-------- MATERIAL PROVIDED

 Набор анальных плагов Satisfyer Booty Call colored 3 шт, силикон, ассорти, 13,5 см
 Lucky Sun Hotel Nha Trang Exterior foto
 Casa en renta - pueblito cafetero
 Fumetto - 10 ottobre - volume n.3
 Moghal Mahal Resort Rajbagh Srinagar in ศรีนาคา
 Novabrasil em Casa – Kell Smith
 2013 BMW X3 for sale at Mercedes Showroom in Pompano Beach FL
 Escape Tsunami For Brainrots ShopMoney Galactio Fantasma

----------------

Each line from the one with "Casa en renta - pueblito cafetero" to the end of the material should be duplicated exactly, and no other line.

 Casa en renta - pueblito cafetero
 Fumetto - 10 ottobre - volume n.3
 Moghal Mahal Resort Rajbagh Srinagar in ศรีนาคา
 Novabrasil em Casa – Kell Smith
 2013 BMW X3 for sale at Mercedes Showroom in Pompano Beach FL
 Escape Tsunami For Brainrots ShopMoney Galactio Fantasma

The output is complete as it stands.